Defense contractor Raytheon estimates there are currently 250,000 mines around the world, just waiting to be laid in the oceans. Many of those are held by Iran, which regularly threatens to close the Strait of Hormuz with them.

Modern mines aren't necessarily the big round contraptions with spikes just waiting for a ship to float into them that some imagine. Mine technology has evolved to use different trigger mechanisms, including seismic, acoustic, pressure and magnetic.

But the U.S. Navy's means of detecting and defusing them hasn't changed much.

"All of the current methods we have are very slow; very, very dangerous; cumbersome; and quite expensive," Wade Knudson, a former naval aviator and now senior director of Undersea Warfare Systems at Raytheon, told Military.com. "Areas that state actors might choose to mine are vitally important and considerable in size. Somebody can easily disrupt commerce and the world's economy could suffer from that, depending on where that were to occur."

The Navy has 11 minesweepers, many still clearing mines the old-fashioned way. They hunt for mines using sonar; dispatch divers to disable them; and then tow the mines away.

To clear the entire Persian Gulf of mines would require many of the Navy's minesweeping ships out in the water for a "sustained period of time," according to one officer quoted in a ProPublica report about the service's aging mine-clearing ships, many of which are past retirement age.

That report complained of ancient sonar systems, run on Windows 2000, finding not only mines, but also dishwashers and car parts.

But the Navy is out to make a change. Raytheon and the service have developed a "single sortie detect to engage" system that clears mines 10 times faster than current methods and includes the new AQS-20 sonar system.

If "Single Sortie Detect-to-Engage" sounds like a suicide mission, that's not far off. But there will be no more human divers engaging with mines. This system eliminates that risk.

The unmanned technology's sonar improvements can spot mines from any direction, relay that information in high-definition and then neutralize the explosive using another drone called a "barracuda."

This process is also known as In-Stride Mine Clearance.

An AQS-20 Sonar Deployed from a USV
The AQS-20C Sonar being deployed from the back of an unmanned surface vehicle during an exercise. (Raytheon)

Clearing underwater mines can now be a faster, less dangerous process with this technology. An unmanned surface vehicle is deployed into a minefield, be it in an ocean, sea lane or harbor -- anywhere mines can be deployed.

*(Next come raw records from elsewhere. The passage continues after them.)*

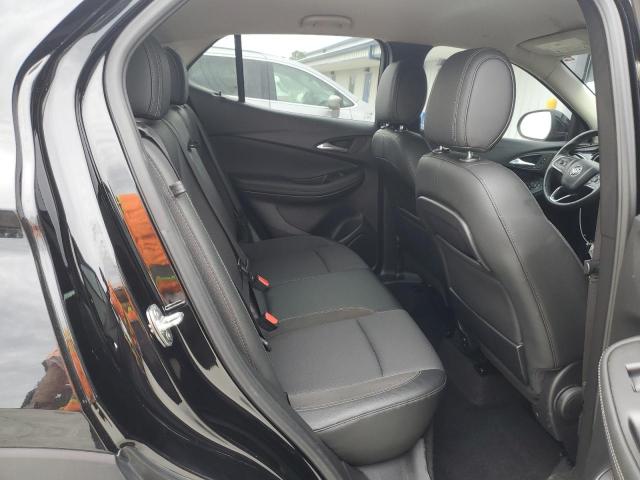 KL4MMDSL0NB065604 Buick Encore Gx Select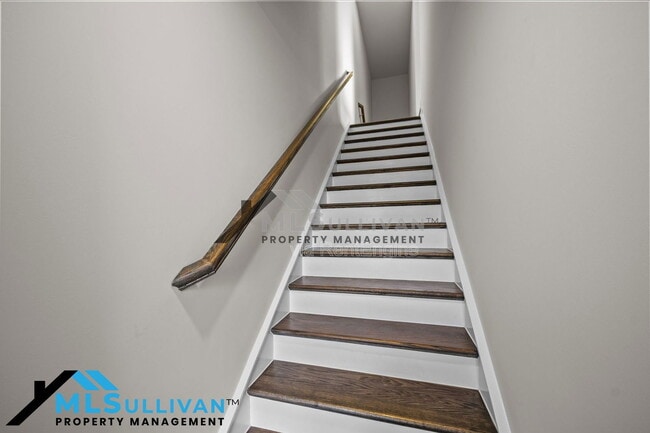 Photo - 1100 Crossvine Trl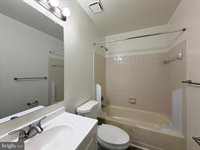 6124 Majors Lane, Columbia, MD 21045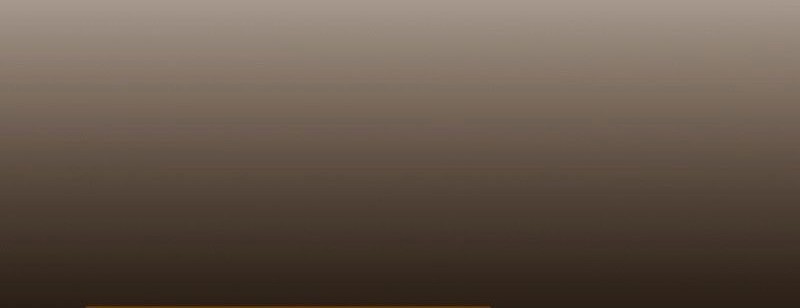 Bizarre Restaurant Chapter 32 Gambar 70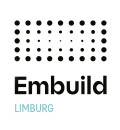 Embuild_Limburg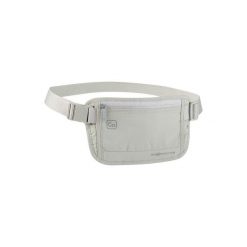 Saszetka RFID. Torby na ramię marki DESIGN GO. Za 49.99 zł.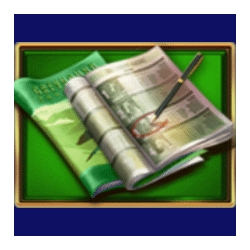 Icon 6 Wildhound Derby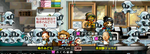 MapleStory 2007-09-09 01-59-47-07.bmp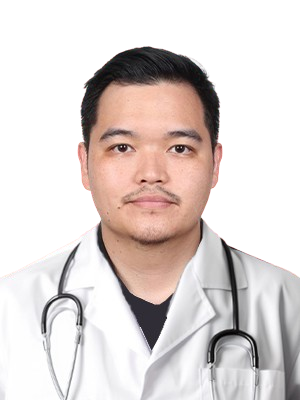 Andhika Dwiputra Djaja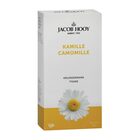 JACOB HOOY THEE KAMILLE BUILTJES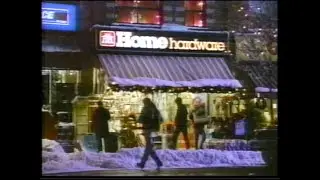 Life Network Commercials • Dec. 1995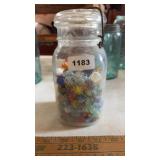 Marbles
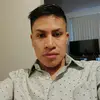 Abel Nolasco - @abel.nolasco1 - TikTok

Then the AQS-20 sonar is dropped into the water and towed by the drone ship, searching as it moves. When a mine is detected, the barracuda neutralizer drone is deployed.

Once released, the neutralizer navigates to the mine, identifies it and transmits an HD image of the mine to its human handlers. When it gets confirmation that its target is in fact a mine, the barracuda detonates the explosive, clearing the mine.

WWII-Era Torpedo on AQS-20 Sonar
A WWII-Era Torpedo as seen on the Navy's new AQS-20 Sonar (Raytheon)

The system can repeat the process for nearly any kind of mine, whether on the seabed, the surface or even tethered. Once the mines are cleared, the USV returns to its handlers.

All of this will be just one more mission package available to the Navy's 35 advanced Littoral Combat Ships. The new tech was developed for just $83 million.

"It's the latest technology," Knudson said. "That's why it gives such a good view of those mines. But most importantly, the barracuda is doing the dangerous work to keep sailors as safe as possible during these missions."